Rehabs are more affordable now, thanks to the availability of low financing,
reduced construction materials costs and lower contractor charges. Focus on
upgrades to kitchens and bathrooms, especially counters and cabinets, as these
yield the highest returns. Get three different estimates from contractors and
add another 10 percent for unexpected costs.
4. Hire professionals
You need professionals, not friends or relatives, to repair, upgrade and sell
the biggest investment you’ll likely own. Ask for credentials, references and a
history of recent performance. Your appraiser should have at least five years
experience with an appropriate license or certification. The same applies to
hiring a home inspector. Talk to at least two or three appraisers and inspectors
before selecting one.
5. Get down payment
assistance
Federal and local governments offer several down payment assistance programs for
first-time home buyers. Look for other city, county and state programs that will
piggyback on federal programs for assistance. Search for “downpayment assistance
programs” with the name of your region.
6. Take Uncle Sam’s help
The $8,000 first-time homebuyer tax credit program that helped jump-start the
real estate market in 2009 has been extended into 2010 and expanded. First-time
homebuyers qualify if they sign a binding contract to buy a home by April 30 and
close by June 30. The program’s maximum income limits have jumped from $75,000
to $125,000 for individuals and from $150,000 to $225,000 for couples.

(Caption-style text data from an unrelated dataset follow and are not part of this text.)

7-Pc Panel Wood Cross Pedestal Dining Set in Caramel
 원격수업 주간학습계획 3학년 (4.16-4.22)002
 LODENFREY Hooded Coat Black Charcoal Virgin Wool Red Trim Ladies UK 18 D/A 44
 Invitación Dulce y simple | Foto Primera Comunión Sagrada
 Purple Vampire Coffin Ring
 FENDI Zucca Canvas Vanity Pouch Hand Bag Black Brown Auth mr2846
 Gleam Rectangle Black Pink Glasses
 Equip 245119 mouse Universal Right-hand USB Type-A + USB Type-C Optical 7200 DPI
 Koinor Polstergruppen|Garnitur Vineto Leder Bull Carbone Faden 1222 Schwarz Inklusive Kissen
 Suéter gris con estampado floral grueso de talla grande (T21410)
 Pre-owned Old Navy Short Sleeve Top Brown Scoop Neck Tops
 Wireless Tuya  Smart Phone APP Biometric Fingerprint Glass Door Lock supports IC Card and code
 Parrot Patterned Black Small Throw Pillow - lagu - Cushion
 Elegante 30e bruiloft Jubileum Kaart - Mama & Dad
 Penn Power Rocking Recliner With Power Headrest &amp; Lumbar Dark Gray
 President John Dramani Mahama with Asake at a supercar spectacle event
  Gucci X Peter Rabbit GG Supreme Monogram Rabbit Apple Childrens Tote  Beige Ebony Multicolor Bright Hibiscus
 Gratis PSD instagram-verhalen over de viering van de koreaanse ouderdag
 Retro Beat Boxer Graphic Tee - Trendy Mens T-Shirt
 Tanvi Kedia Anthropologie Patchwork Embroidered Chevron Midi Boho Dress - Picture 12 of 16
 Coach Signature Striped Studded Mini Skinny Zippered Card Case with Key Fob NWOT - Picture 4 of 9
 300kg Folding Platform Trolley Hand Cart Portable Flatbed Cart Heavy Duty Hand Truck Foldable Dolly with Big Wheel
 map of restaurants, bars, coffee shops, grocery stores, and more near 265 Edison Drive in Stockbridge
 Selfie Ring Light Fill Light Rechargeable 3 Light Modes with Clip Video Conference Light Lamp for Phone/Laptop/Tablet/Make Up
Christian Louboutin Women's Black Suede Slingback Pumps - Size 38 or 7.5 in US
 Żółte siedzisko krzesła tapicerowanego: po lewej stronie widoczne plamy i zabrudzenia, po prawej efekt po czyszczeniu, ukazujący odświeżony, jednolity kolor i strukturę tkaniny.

A separate $6,500 tax credit has been added for those who have owned their homes
for at least five years and want to upgrade. Homeowners drowning in their
present real estate loans are eligible for a loan-modification program with
their current mortgage company or loan service through the Making Home
Affordable Program (http://makinghomeaffordable.gov/).
7. Price accordingly
Listings move when a property is appropriately priced. Others gather dust
because the owners haven’t adjusted their expectations to the present market.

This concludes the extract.